W środę przeszukano pomieszczenia zajmowane przez podejrzanych o szpiegostwo, dziś dojdzie do przesłuchań – powiedział Prokurator Generalny Andrzej Seremet. Jego zdaniem za kilka dni będzie można ujawnić więcej informacji o sprawie.
Seremet powiedział w TVP 1, że na polecenie wojskowej prokuratury okręgowej w Warszawie i na polecenie Prokuratury Apelacyjnej w Warszawie Agencja Bezpieczeństwa Wewnętrznego zatrzymała dwie osoby "w związku z podejrzeniem o udział w obcym wywiadzie szkodzącym Polsce". Pytany, czy obie te osoby pracowały w Ministerstwie Obrony Narodowej, czy też jedna z nich jest prawnikiem z obywatelstwem polskim i rosyjskim, odparł, że są to "zupełnie różne osoby".

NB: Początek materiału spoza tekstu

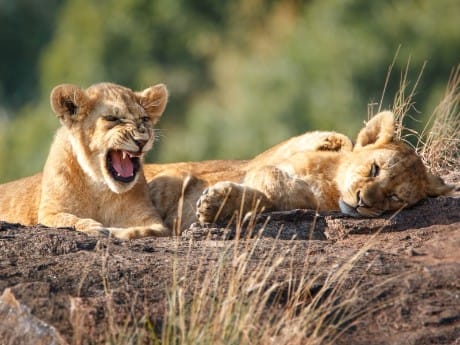 Löwen im Kruger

– Istnieją jakby dwa wątki, czyli dwie sprawy. Jedna, którą zajmuje się wojskowa prokuratura okręgowa w Warszawie w związku z tym, że status osoby zatrzymanej to wojskowy. Drugi wątek, którym zajmuje się Prokuratura Apelacyjna w Warszawie dotyczy osoby cywilnej – powiedział.
Seremet nie potwierdził, ani nie zaprzeczył informacjom, że chodzi o rosyjskich szpiegów. – To są sprawy o niezwykle wrażliwej naturze. (...) za kilka dni będzie można podać nieco więcej informacji – dodał.
Prokurator Generalny odmówił też odpowiedzi na pytanie, czy osoba zatrzymana miała dostęp do kluczowych informacji w MON tłumacząc, że są to kwestie zastrzeżone wysokimi klauzulami niejawności. Zapowiedział natomiast, że wkrótce prokuratorzy będą przystępowali do kolejnych czynności.
– W tej sprawie wczoraj trwały przeszukania zarówno w pomieszczeniach zajmowanych przez tę osobę, o której mówimy w MON–ie, jak i w pomieszczeniach, które zajmowane były przez tę osobę w wątku cywilnym. Gromadzi się materiał dowodowy, dzisiaj będą przesłuchania – dodał. Pytany o to, jak długo trwało śledztwo Seremet poinformował, że podejrzani byli rozpracowywani "raczej miesiące niż lata".